Nè il contrario orientamento espresso dal giudice a quo può essere considerato diritto vivente, posto che altre decisioni della medesima Corte hanno da tempo avvertito che, ai fini della utilizzabilità di un atto, non basta che questo risulti compiuto secondo le regole vigenti nello Stato in cui è stato assunto, ma occorre anche che dette modalità non si pongano in contrasto con le leggi interne proibitive concernenti le persone e gli atti e con quelle che, in qualsiasi modo, riguardino l'ordine pubblico, tra le quali, prime tra tutte, quelle che riguardano l'esercizio inderogabile dei diritti della difesa.

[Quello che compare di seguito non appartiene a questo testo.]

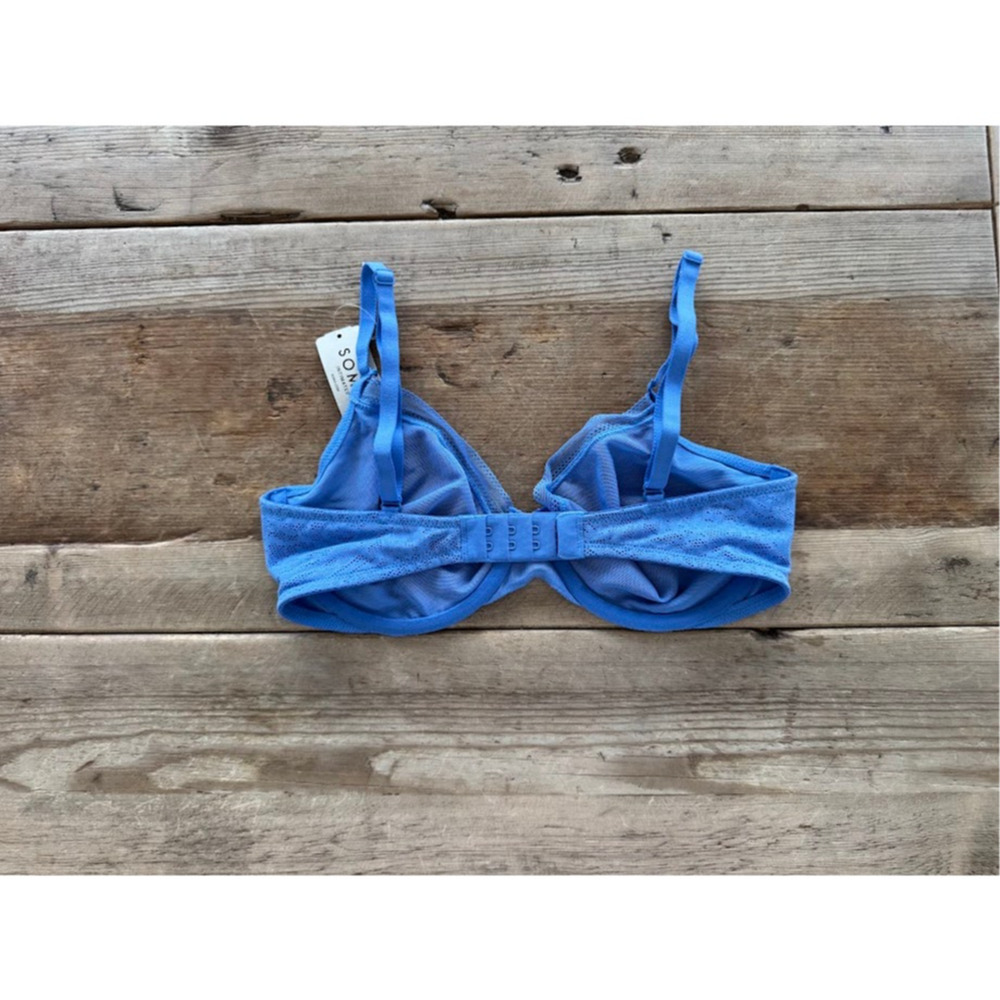 SOMA Dreams Come Blue 32D Unlined Perfect Coverage Stretch Lace T-Shirt Bra - Picture 2 of 2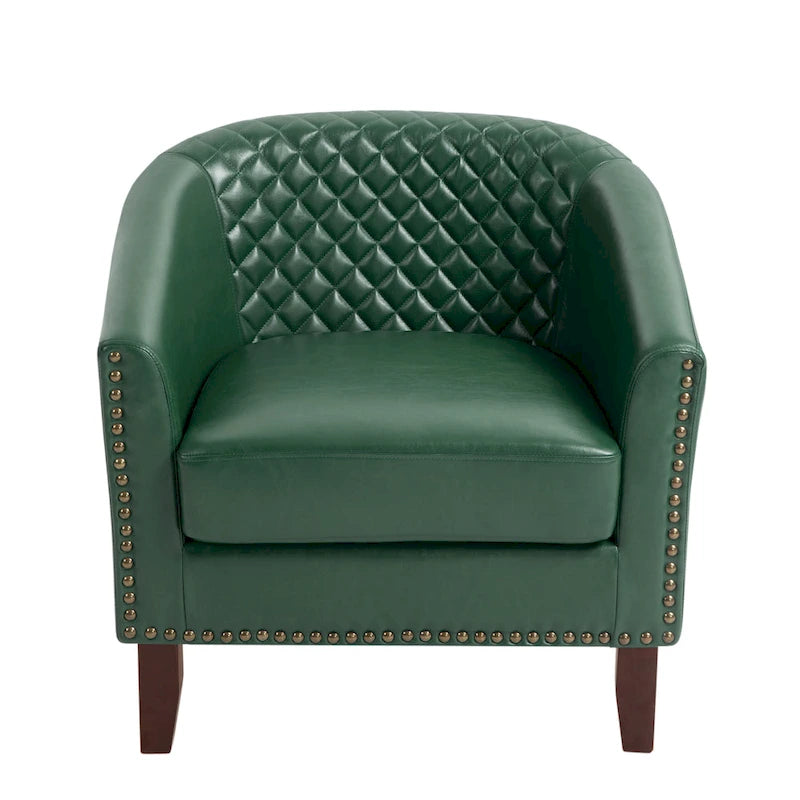 Ethan Accent Chair Barrel PU Leather with Nailhead Trim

La norma impugnata, quindi, sulla base di un'interpretazione costituzionalmente vincolata dal rispetto della garanzia sancita dal secondo comma dell'art. 24 della Costituzione, non solo consente che il giudice italiano, prima dell'espletamento dell'atto, si avvalga di tutte le facoltà riconosciutegli dalla Convenzione medesima per ottenere il consenso dello Stato richiesto in ordine alla presenza delle parti interessate (e dei rispettivi difensori), ma non preclude in alcun modo all'Autorità giudiziaria di procedere alla valutazione della eventuale contrarietà, ai principi fondamentali del nostro ordinamento, dell'atto assunto per rogatoria, e, quindi, di accertare, caso per caso, se il contenuto dello stesso, per le modalità con cui si è formato, possa o meno essere utilizzato.

PER QUESTI MOTIVI

LA CORTE COSTITUZIONALE

dichiara non fondata, nei sensi di cui in motivazione, la questione di legittimità costituzionale dell'art. 2 della legge 23 febbraio 1961, n. 215 (Ratifica ed esecuzione della Convenzione europea di assistenza giudiziaria in materia penale, firmata a Strasburgo il 20 aprile 1959) sollevata, in riferimento all'art. 24 della Costituzione, dalla Corte di cassazione con l'ordinanza in epigrafe.

Così deciso in Roma, nella sede della Corte costituzionale, Palazzo della Consulta, il 13 luglio 1995.

Antonio BALDASSARRE, Presidente

Mauro FERRI, Redattore

Depositata in cancelleria il 25 luglio 1995.